YOU all know who you are!

YOU want to sell me your tarps or furry boots or furry chaps or furry goggles or dome thingy or stupid bike that you used at last year's BM Festival, so you post it for sale on craigslist. Cool. BUT: you don't know where it is, or you've lost the key to your storage area, you're not speaking to your ex-roommate/spouse/coworker/former camp/tribe mate. You don't know when you'll be home, or "back in the country", or you're "uncertain" how much you want to sell it for. Additionally, I'm supposed to be on stand-by for this amazing purchase, because: you are possibly, maybe, but definitely-want-to-keep-your-options-open, because you're probably/maybe/god-willing/if the stars align going to Burning Man this year. Seriously, I read your ad. You said that you wanted to sell your old Burning Man stuff to fund this year's trip to BM....but then when I wanted to buy it, you said you didn't want to sell it ...... because you might be going. This is the kind of thing that gives Southern CA and BM a bad name.

YOU want to rent me your old RV for the week. IF we: pick it up, find a shop that will do the $1200 in repairs it needs and the pay Cruise America day rates for it. Dude, I said, we can't pay top market rates for something......that doesn't even run. Not to mention you are too stoned to post a working phone number. Believe me. I NEVER thought we would rent from CriuseAmerica. This is my 7th Burn, and when we've rented RVs (4 times), we've always rented from the little guy. Dear Cruise America Fillmore: I love you and I apologize for all the anti-corporate statements I have made about you. Please forgive me and I thank you for not being stoned when we called.

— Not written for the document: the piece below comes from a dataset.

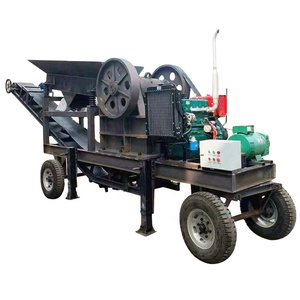 Frantoio Mobile Portatile per Pietre con Nastro Trasportatore e Ruote, Integrato con Motore AC ad Alta Produttività - Product Image 1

YOU want to buy my two extra Burning Man tickets that I offered for sale for face value, with receipts. Cool. BUT: you want to come after 9:00 pm, but don't really want to commit to that so maybe tomorrow, or if not then, then definitely Saturday....if your friend from Portland is there by then. Or you want a "miracle gift ticket" which means I'm supposed to sell it to you for nothing because you woke up today with the idea that, oh yeah right! Burning Man is a gift economy, with lots of strangers just standing by to make sure that you get a free ticket. Or you make an appointment to come by my house and pick up and buy my tickets, and there are SO many of you like this, but you don't show and don't call. And you even told me "I'm good for the tickets, don't sell them to someone else." Which someone else are you referring to? You mean the one guy in Santa Barbara County who came to pick them up when he said he would, and had cash? Yup. I bailed. I sold the tickets to that guy! It really wouldn't have mattered if he was everything that Burning Man supposedly doesn't stand for. He showed up and and had the correct amount of cash. He could also write a complete email sentence AND could make a phone call and leave a message. I think it was love at first sight.

I know there is a place for Burning Man/Craigslist Flakes in Heaven. But until we meet there, let's agree to maintain a friendly distance. I'd say about 1000 miles would do it.